▸ **Task statement**
Write out again only the lines between the one with "4 Gig Posters" and the end of the records below, both ends counted, and don't include the pictures.

▸ **Extracted records**

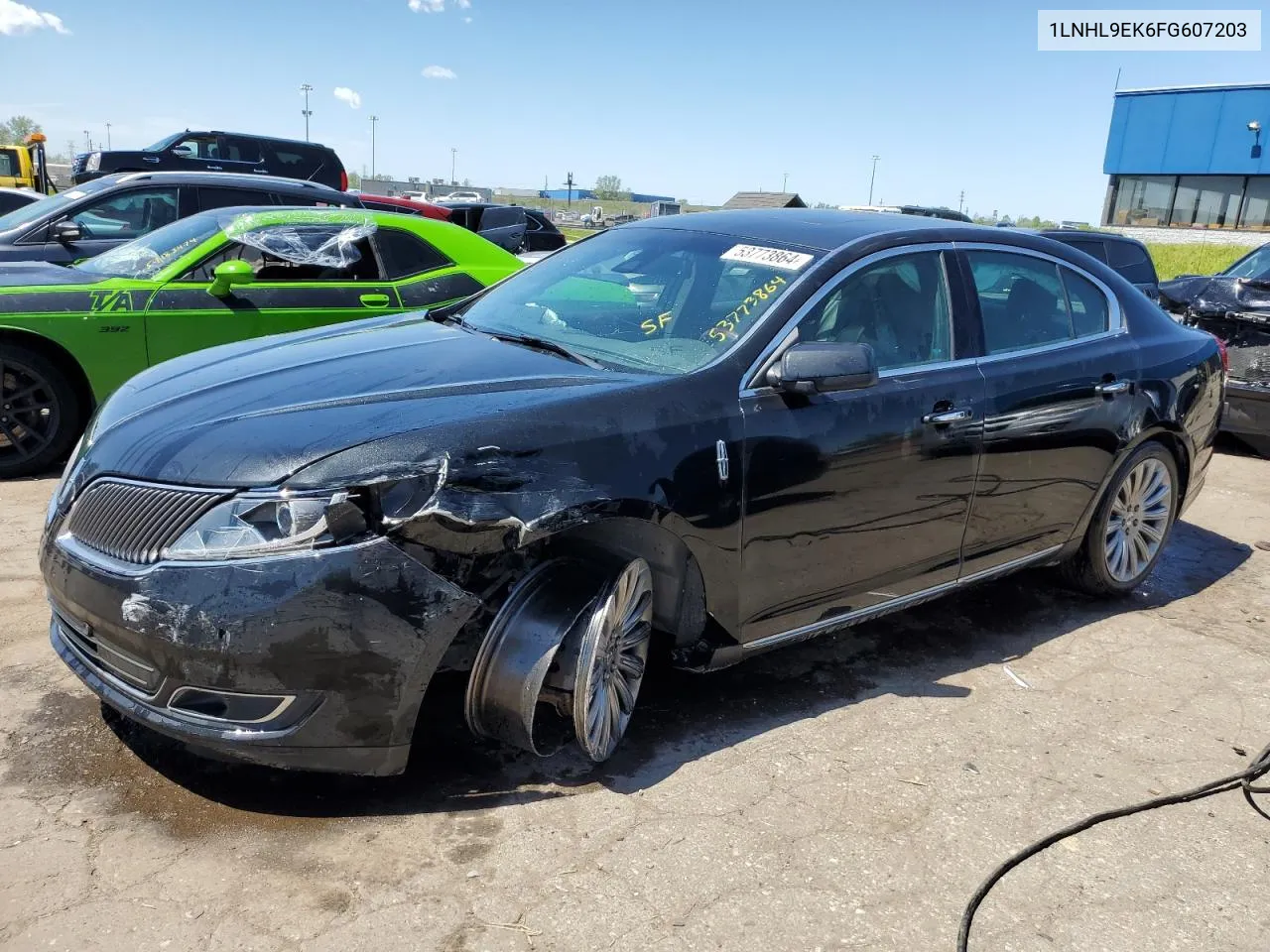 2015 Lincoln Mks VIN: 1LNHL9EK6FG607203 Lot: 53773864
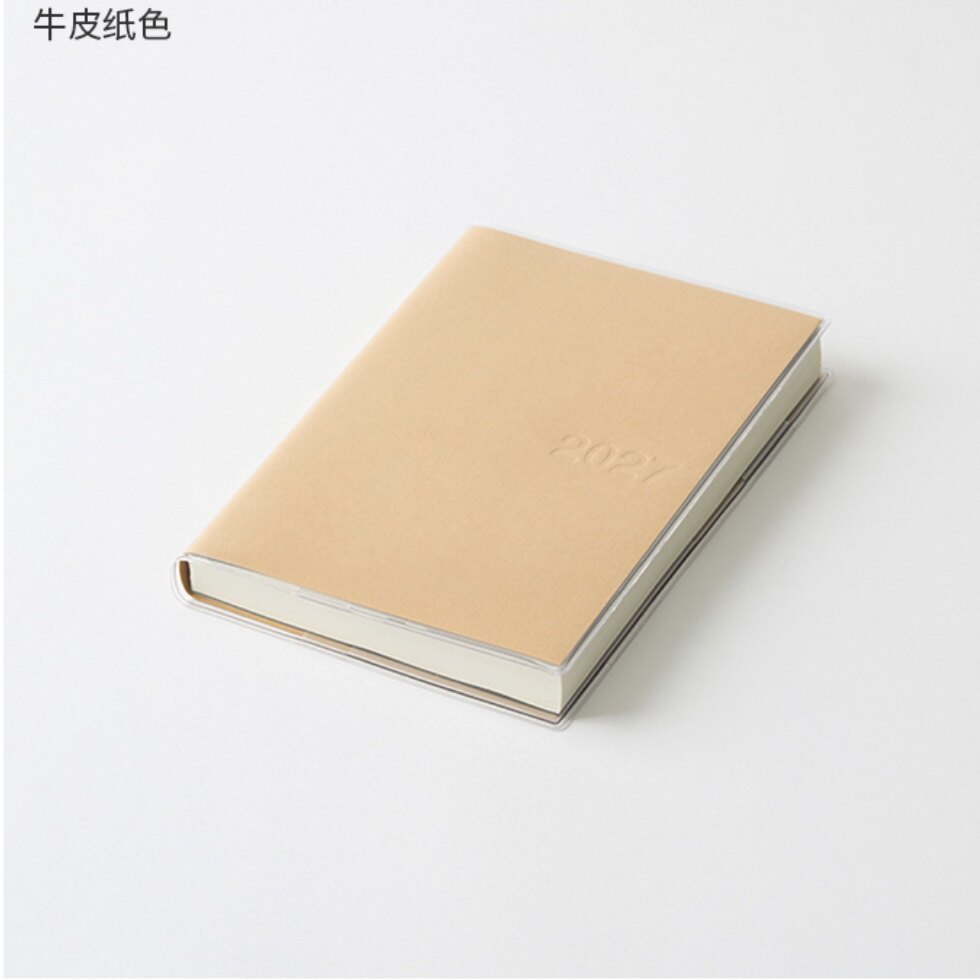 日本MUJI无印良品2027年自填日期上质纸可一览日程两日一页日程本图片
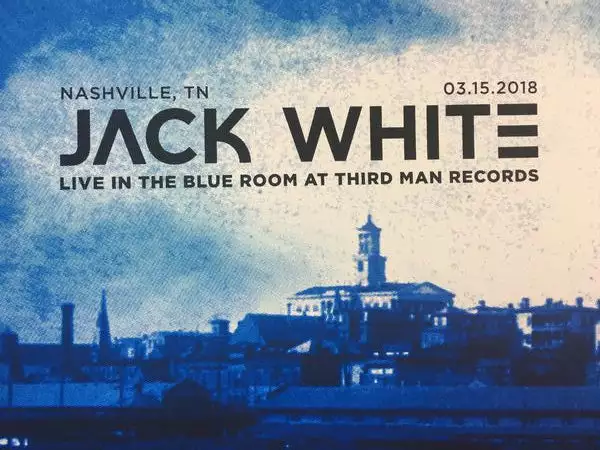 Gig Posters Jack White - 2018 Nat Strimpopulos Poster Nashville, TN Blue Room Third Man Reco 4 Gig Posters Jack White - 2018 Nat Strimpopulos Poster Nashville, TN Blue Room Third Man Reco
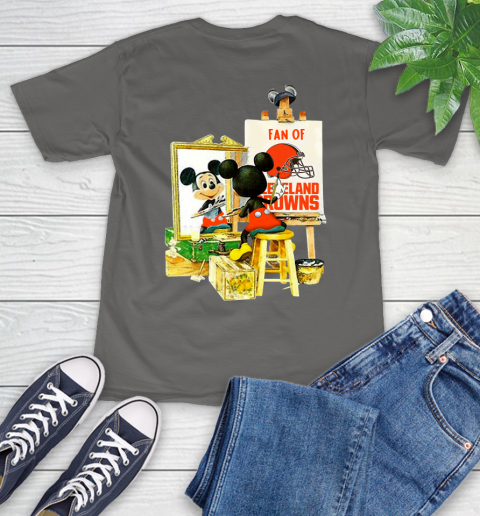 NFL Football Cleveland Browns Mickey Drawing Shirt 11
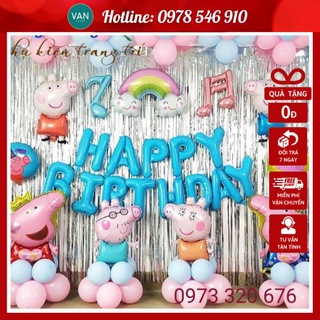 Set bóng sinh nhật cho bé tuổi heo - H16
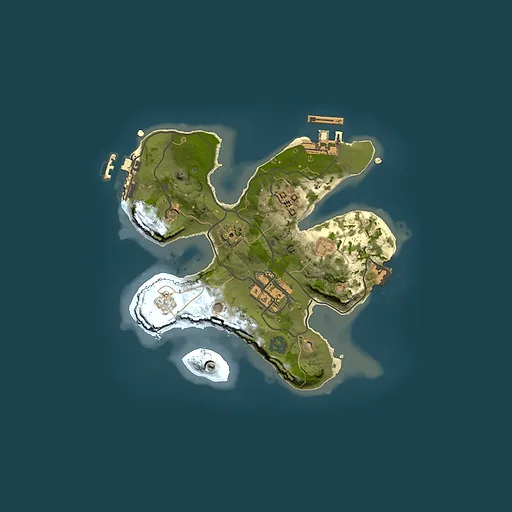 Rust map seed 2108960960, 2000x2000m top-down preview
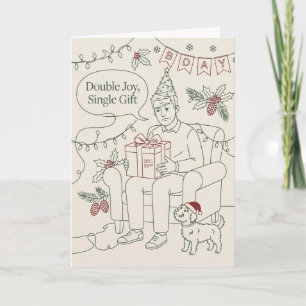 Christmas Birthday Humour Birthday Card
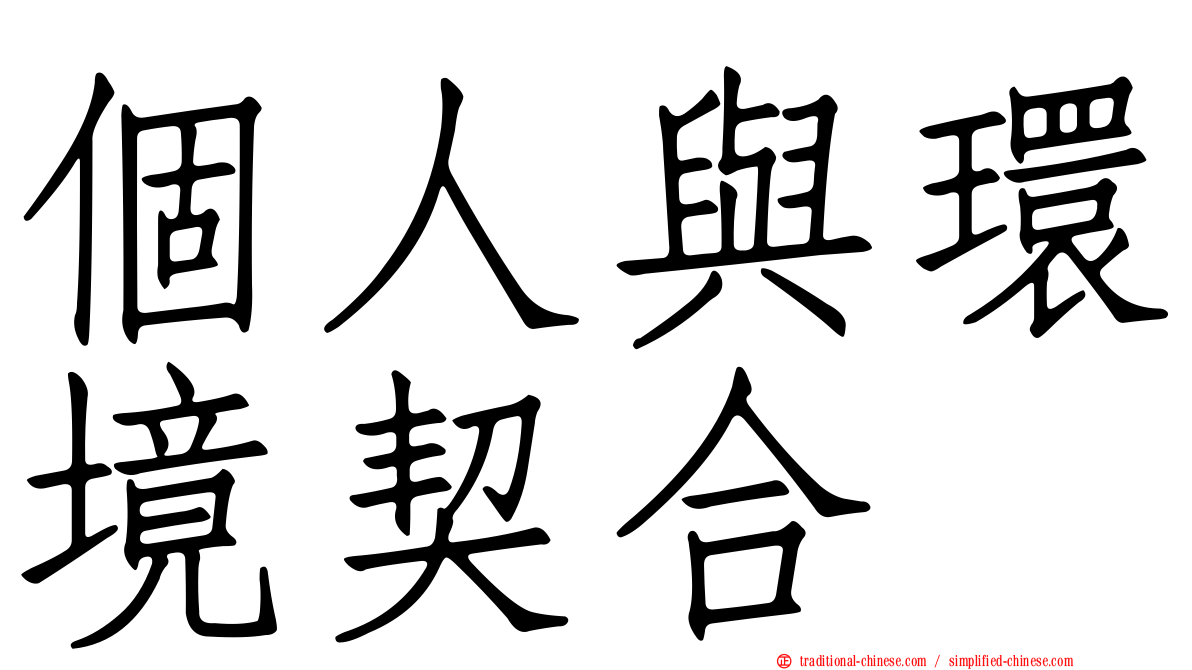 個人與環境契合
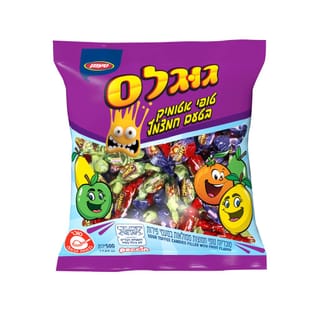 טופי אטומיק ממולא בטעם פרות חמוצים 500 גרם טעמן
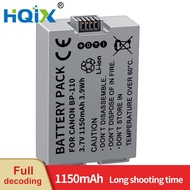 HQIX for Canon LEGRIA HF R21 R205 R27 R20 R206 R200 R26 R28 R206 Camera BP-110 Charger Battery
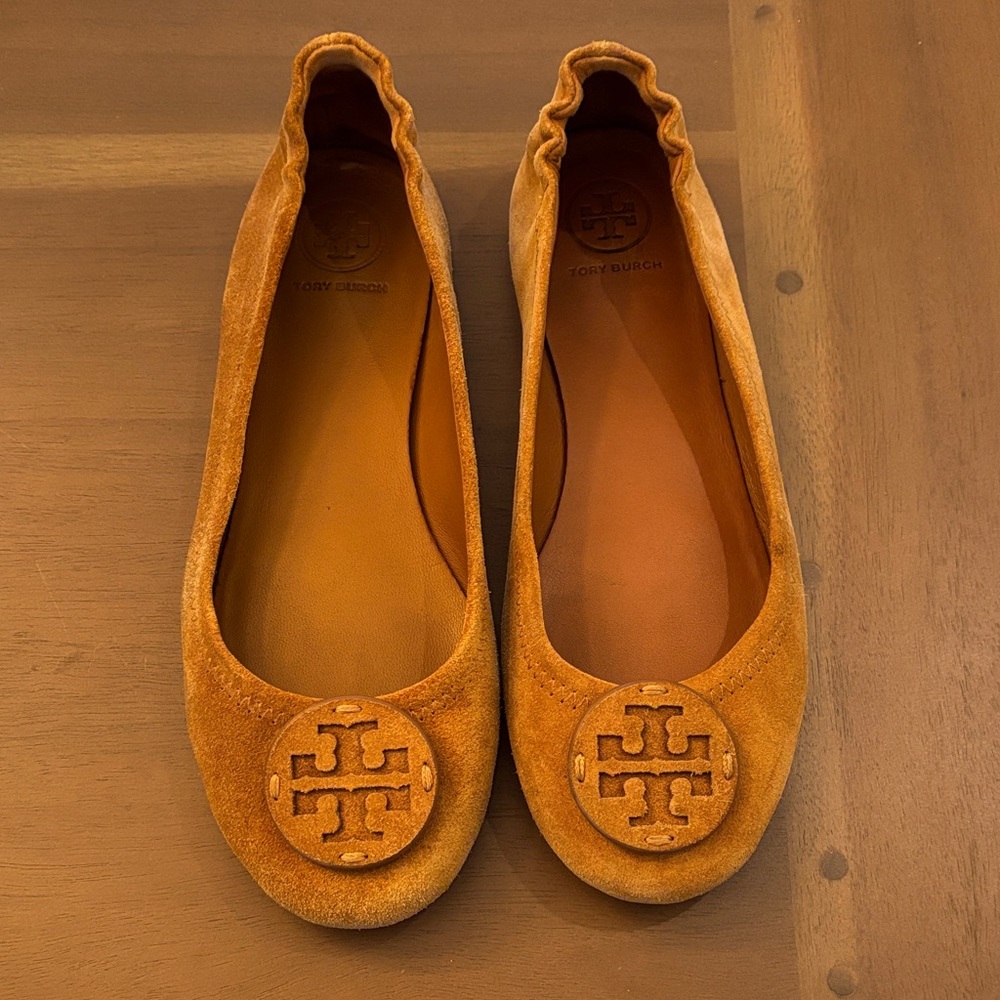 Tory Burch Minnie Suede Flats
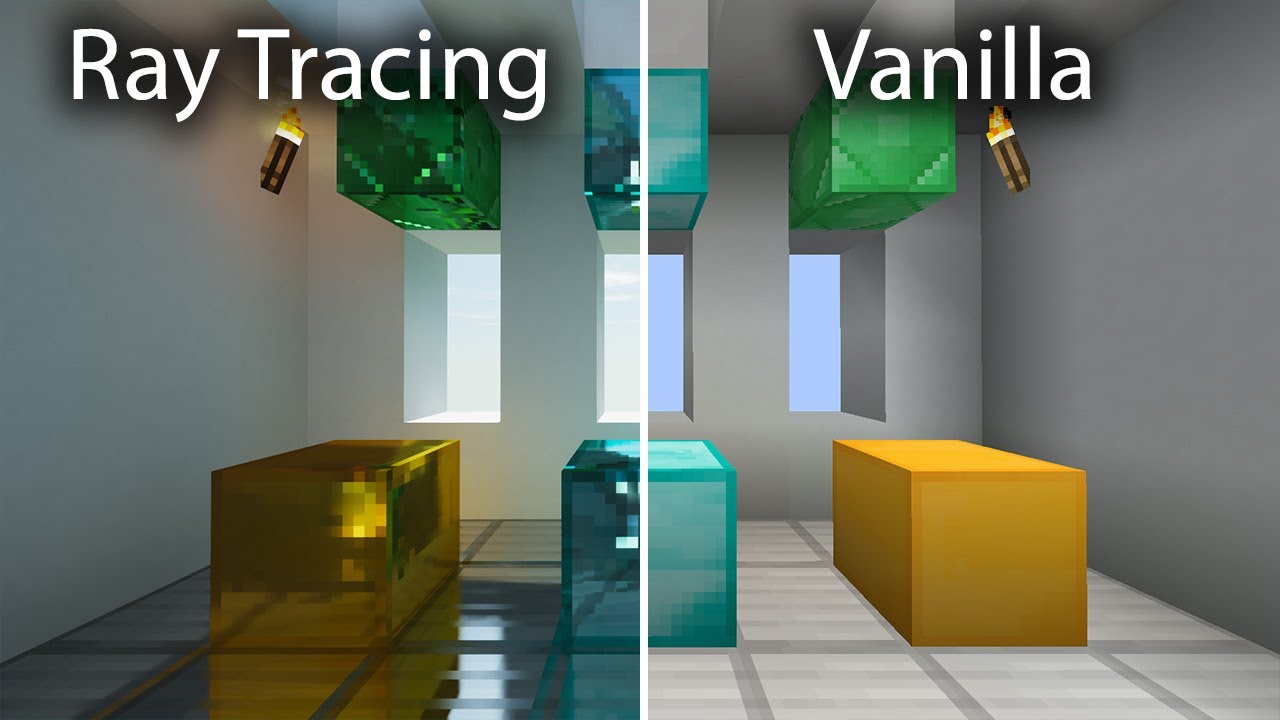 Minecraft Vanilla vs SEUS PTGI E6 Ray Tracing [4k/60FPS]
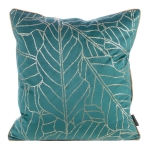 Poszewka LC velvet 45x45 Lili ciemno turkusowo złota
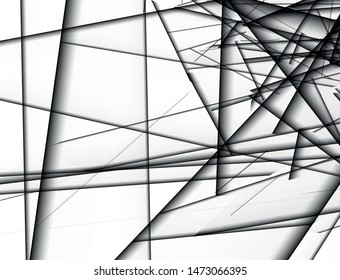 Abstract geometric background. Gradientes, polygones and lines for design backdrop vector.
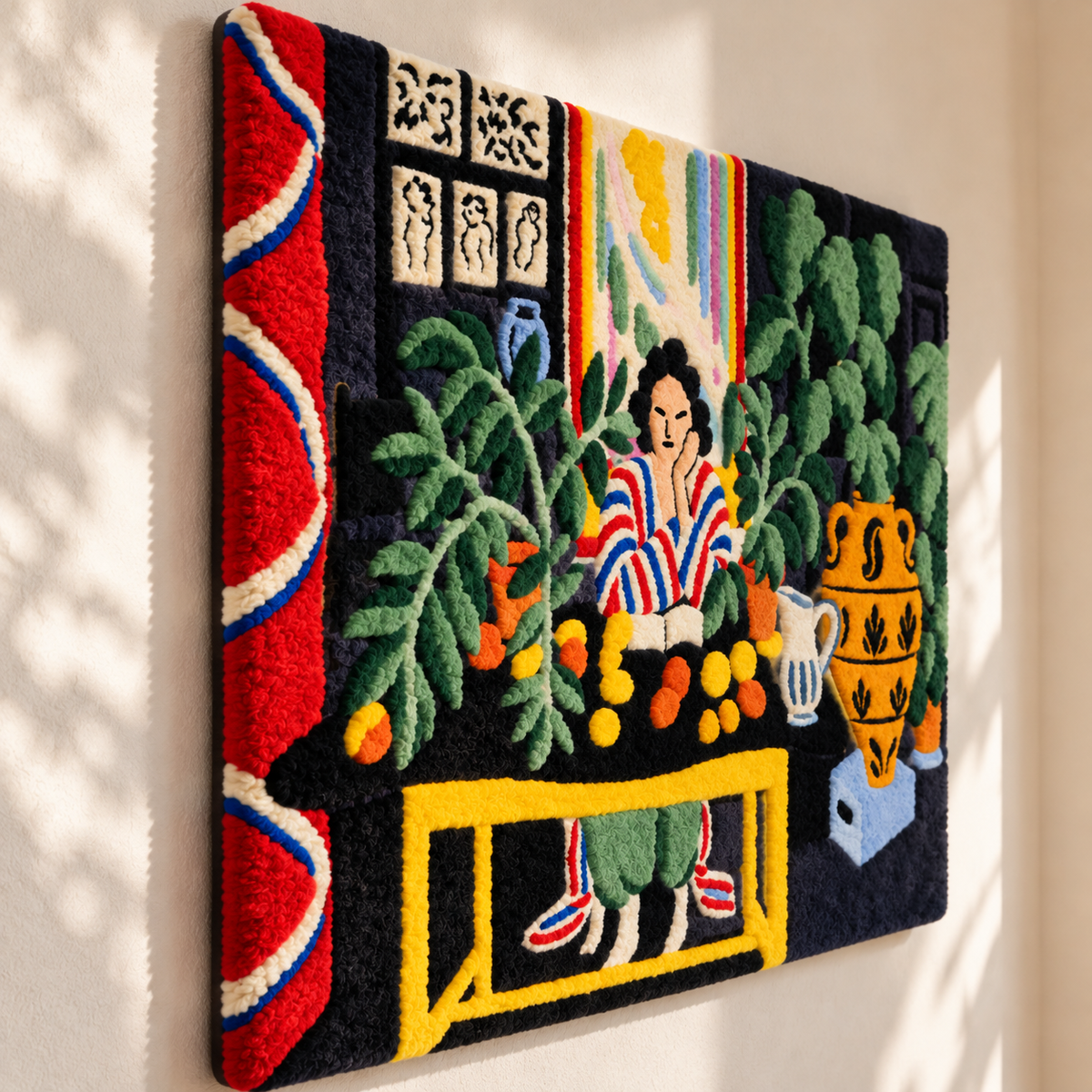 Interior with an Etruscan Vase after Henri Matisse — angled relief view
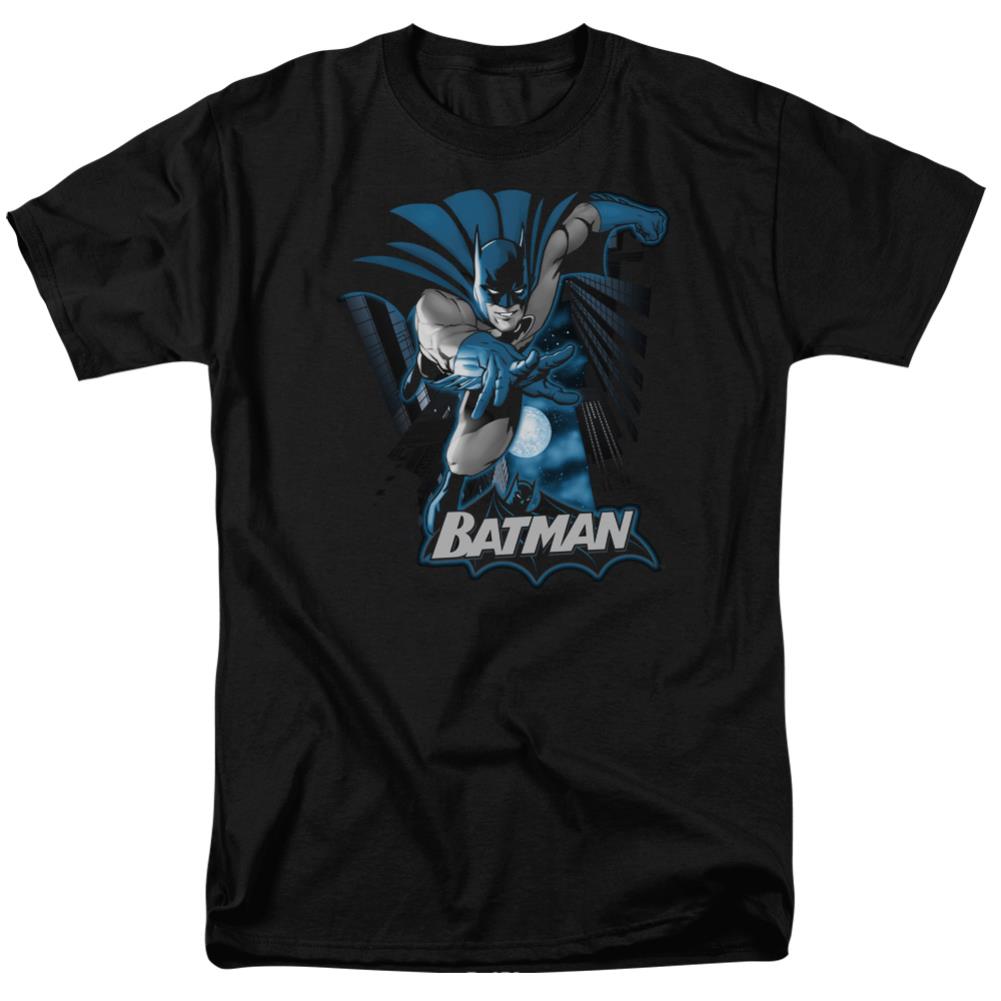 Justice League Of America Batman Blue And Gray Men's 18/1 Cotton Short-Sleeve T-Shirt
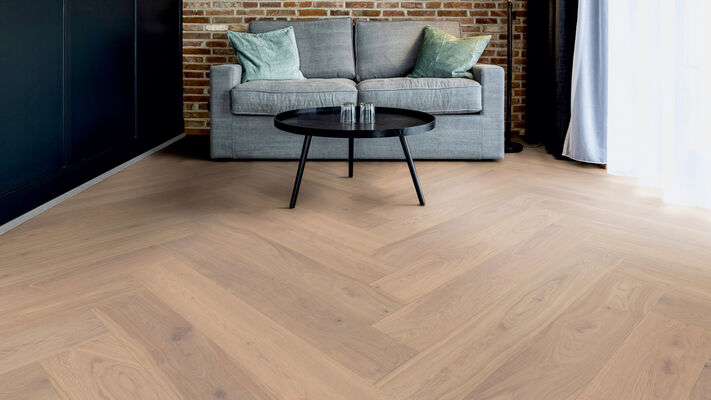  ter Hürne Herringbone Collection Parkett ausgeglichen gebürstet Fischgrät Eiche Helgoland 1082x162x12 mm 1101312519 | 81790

▸ **Response to this exercise**
 Gig Posters Jack White - 2018 Nat Strimpopulos Poster Nashville, TN Blue Room Third Man Reco 4 Gig Posters Jack White - 2018 Nat Strimpopulos Poster Nashville, TN Blue Room Third Man Reco
 NFL Football Cleveland Browns Mickey Drawing Shirt 11
 Set bóng sinh nhật cho bé tuổi heo - H16
 Rust map seed 2108960960, 2000x2000m top-down preview
 Christmas Birthday Humour Birthday Card
 個人與環境契合
 טופי אטומיק ממולא בטעם פרות חמוצים 500 גרם טעמן
 HQIX for Canon LEGRIA HF R21 R205 R27 R20 R206 R200 R26 R28 R206 Camera BP-110 Charger Battery
 Tory Burch Minnie Suede Flats
 Minecraft Vanilla vs SEUS PTGI E6 Ray Tracing [4k/60FPS]
 Poszewka LC velvet 45x45 Lili ciemno turkusowo złota
 Abstract geometric background. Gradientes, polygones and lines for design backdrop vector.
 Interior with an Etruscan Vase after Henri Matisse — angled relief view
 Justice League Of America Batman Blue And Gray Men's 18/1 Cotton Short-Sleeve T-Shirt
  ter Hürne Herringbone Collection Parkett ausgeglichen gebürstet Fischgrät Eiche Helgoland 1082x162x12 mm 1101312519 | 81790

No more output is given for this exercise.